• **Records shown**
..............................
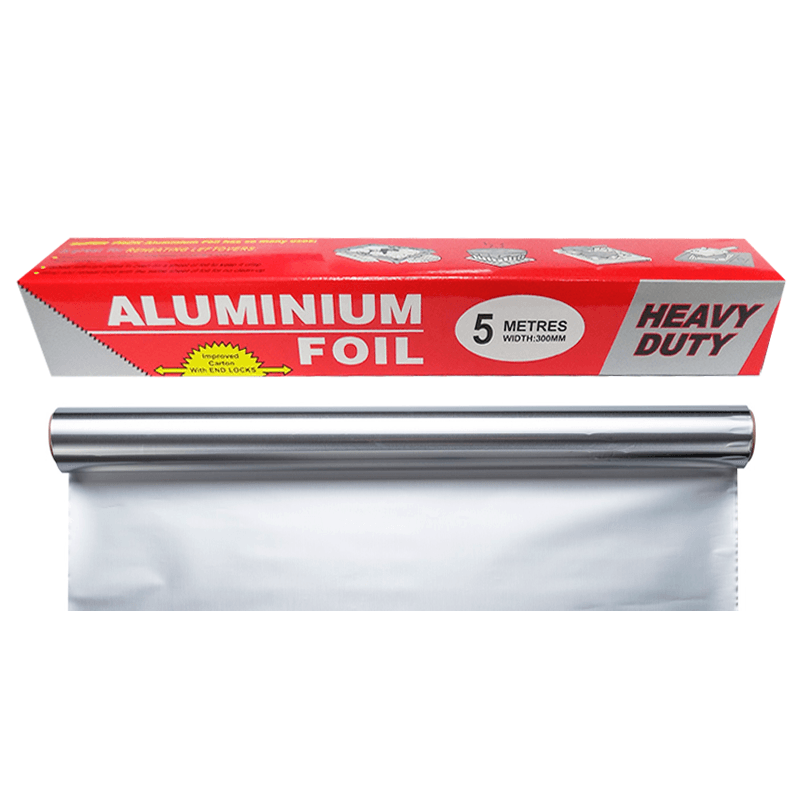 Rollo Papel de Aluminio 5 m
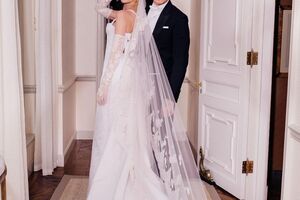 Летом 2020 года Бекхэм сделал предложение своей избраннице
..............................
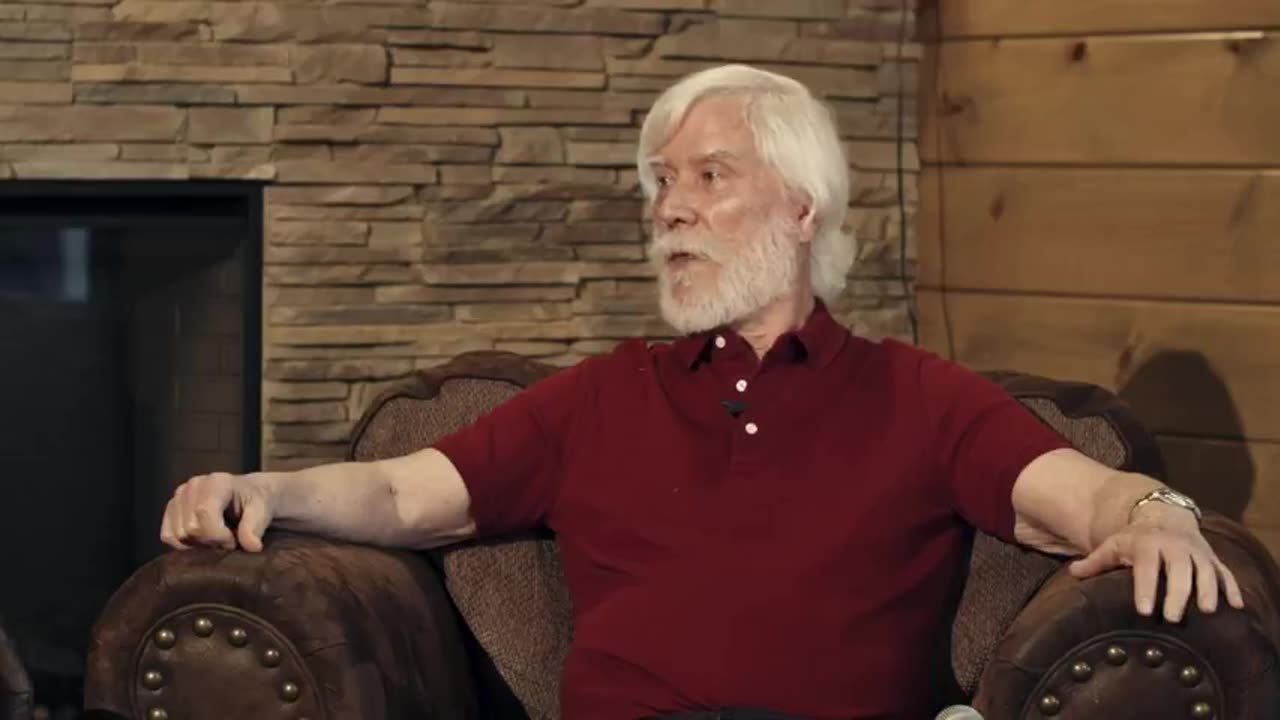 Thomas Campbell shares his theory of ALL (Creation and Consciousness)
..............................
• **Brief**
Word for word, restate the lines above from the one with "Rollo Papel de Aluminio 5 m" through the one with "Летом 2020 года", keeping both ends and dropping the pictures.

• **Response for this exercise**
 Rollo Papel de Aluminio 5 m
 Летом 2020 года Бекхэм сделал предложение своей избраннице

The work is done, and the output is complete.